(About this exercise)
Copying rule for the data below: take the line containing "Real Megalodon Tooth - Half" and every line after it to the end, exactly, and drop all pictures.

(Material provided)
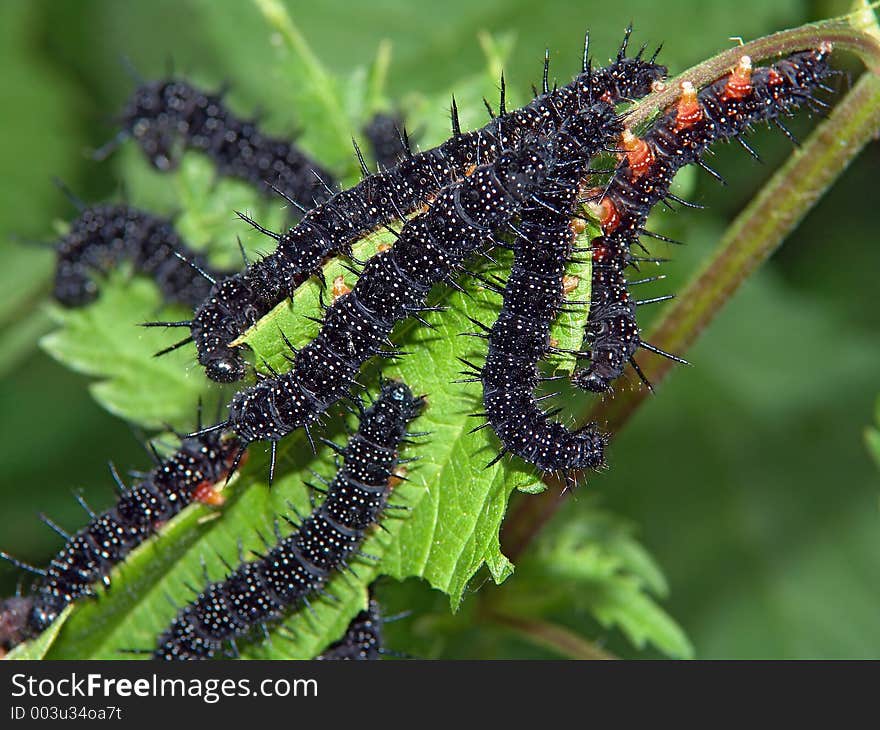 Caterpillars of butterfly Nymphalis io families Nymphalidae on a nettle. Length of a body about 35 mm. The photo is made in Moscow areas (Russia). Original date/time: 2005:06:28 18:02:50. Caterpillars of butterfly Nymphalis io families Nymphalidae on a nettle. Length of a body about 35 mm. The photo is made in Moscow areas (Russia). Original date/time: 2005:06:28 18:02:50.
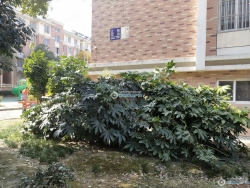 ������Է�������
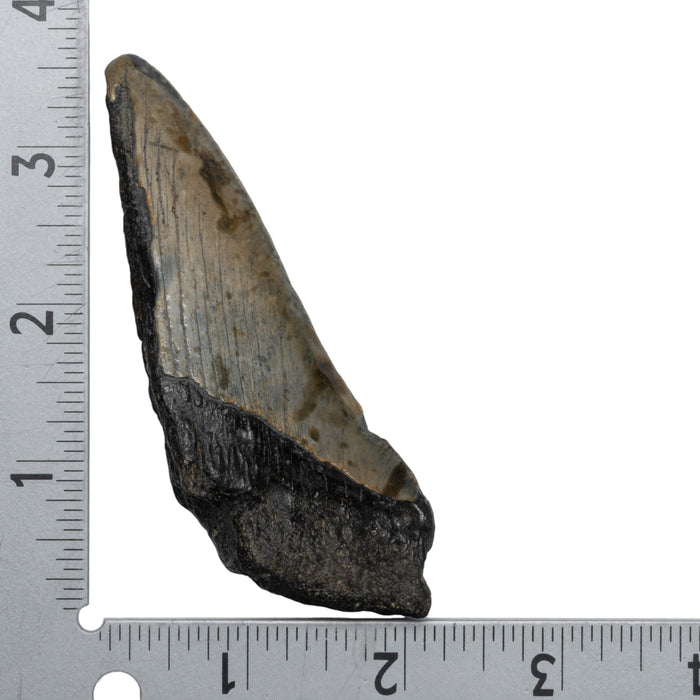Real Megalodon Tooth - Half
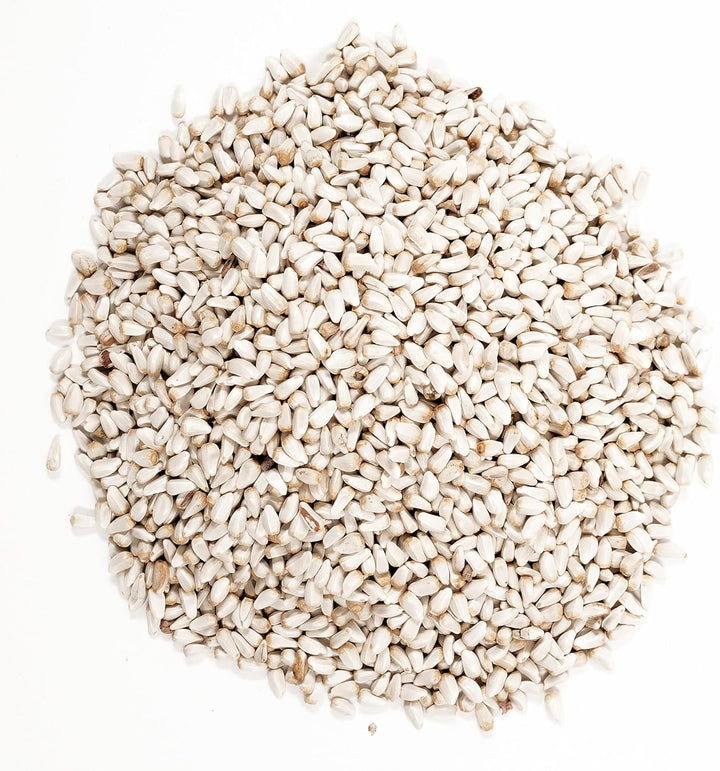 57075 Safflower Seed Wild Bird Food, 5 Pound (Pack of 1)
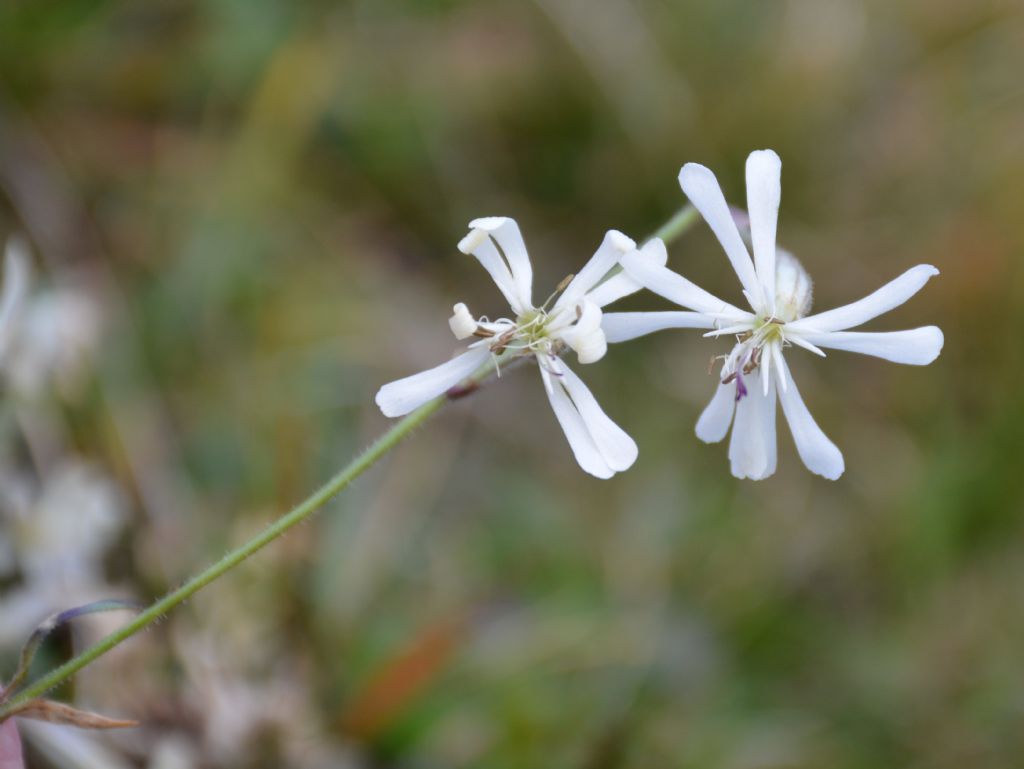 Silene nutans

(Answer to the problem)
Real Megalodon Tooth - Half
 57075 Safflower Seed Wild Bird Food, 5 Pound (Pack of 1)
 Silene nutans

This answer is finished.